Tweaking
One of the nicest features of this case is the front control panel. The entire panel bar swivels up or down by 45 degrees. It also locks in place. So if you put the computer on the floor, you can access the panel and read the temperature display from above. Or if you have your machine mounted overhead on a sturdy LAN station, then you can read it and access its ports from below. Here you will find USB, FireWire, and audio ports.
The heads up temperature display connects to twin thermistors inside the case. Beware: these thermistors are very fragile! We mounted one on the motherboard chipset heat sink using tape. The other one went on the Raptor hard drive (which gets surprisingly hot). This allows us to keep an eye on system temperatures.
With respect to noise, at this point the main "bottleneck" is the rear exhaust case fan, even though it is relatively quiet. When turning off this fan (for a few seconds only, to test for sound) the entire machine becomes inaudible—even in a nearly soundproofed room! So the next logical upgrade, if you are so inclined, would be to upgrade the case fans to ultra-quiet models.

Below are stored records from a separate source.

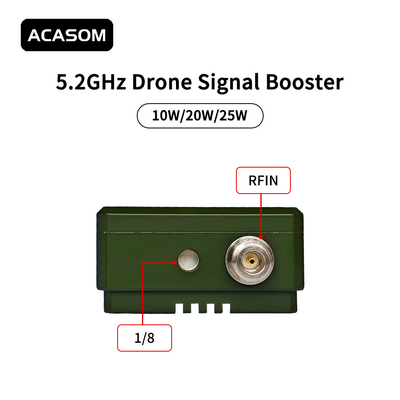दूर तक उड़ान भरने के लिए हल्के 10W 5.2GHz ड्रोन सिग्नल एक्सटेंडर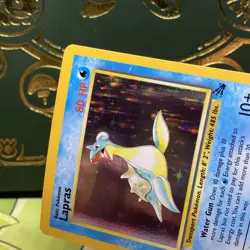 Pokemon TCG | Fossil Set Lapras Holo Rare 10/62 | NM - Image 3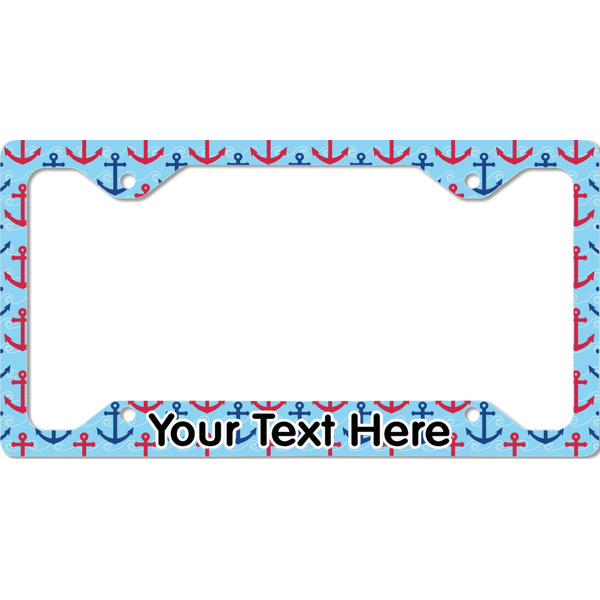 Custom Anchors & Waves License Plate Frame - Style C (Personalized)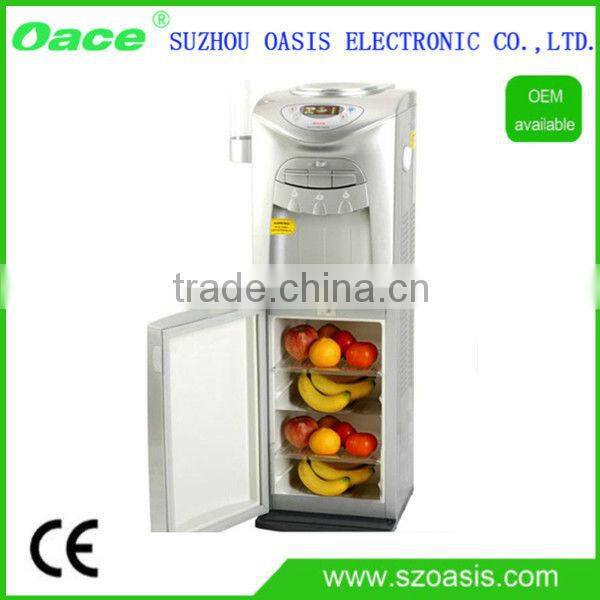Three Faucets Stand Water dispenser With Refrigerator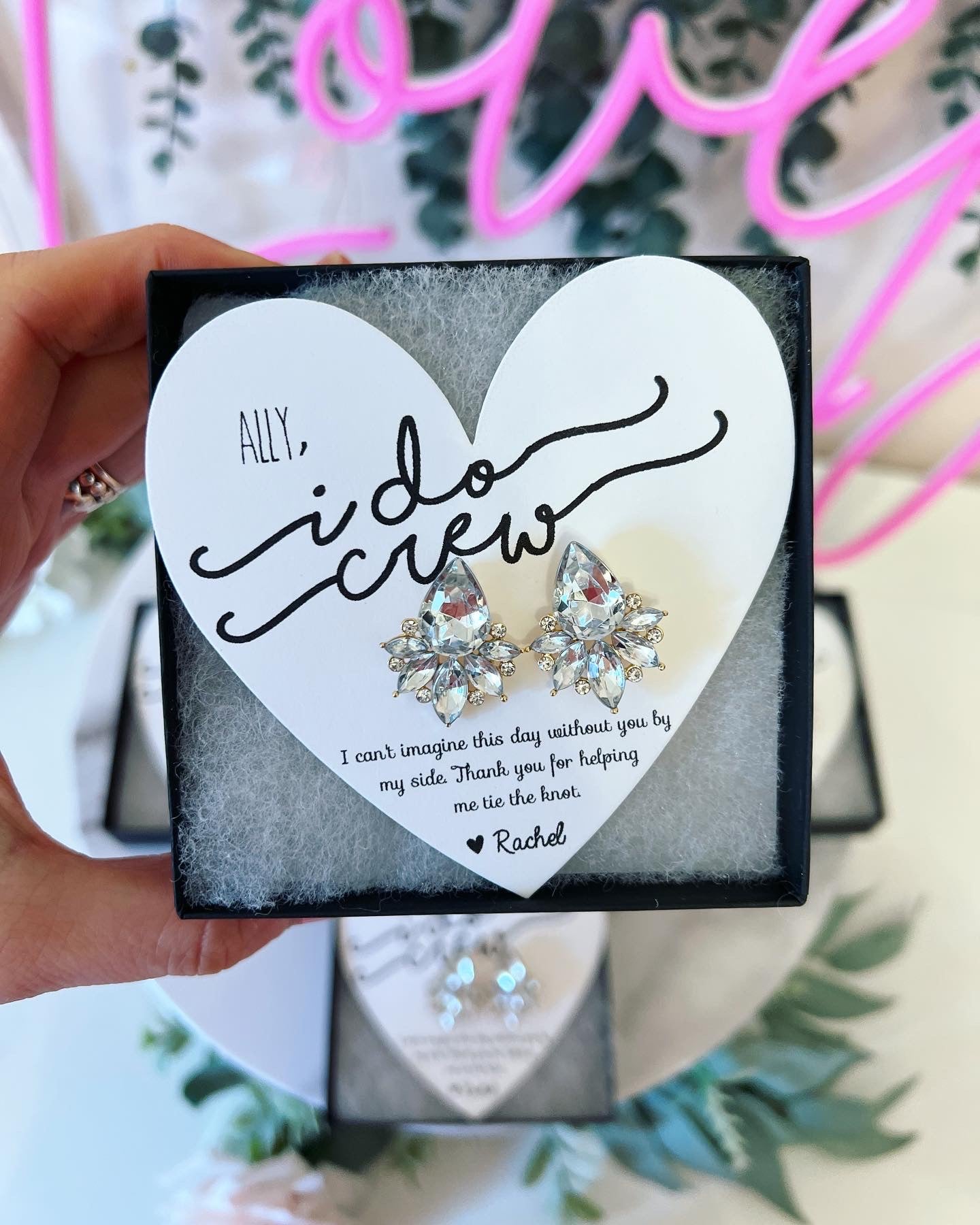 Bridesmaid Opal earrings I do crew gifts! TOP SELLER!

After testing this system for a few days, we still found it runs a bit hot. So you might want to add an additional 120mm front panel intake fan. This will boost air intake and blow cool air in and over the hard drive, video cards, and mainboard MOSFETs. Luckily, the Antec case has a convenient front intake fan tray that slides out. They thought of everything! You can thus add more airflow to the hard drive, GPU, and chipset.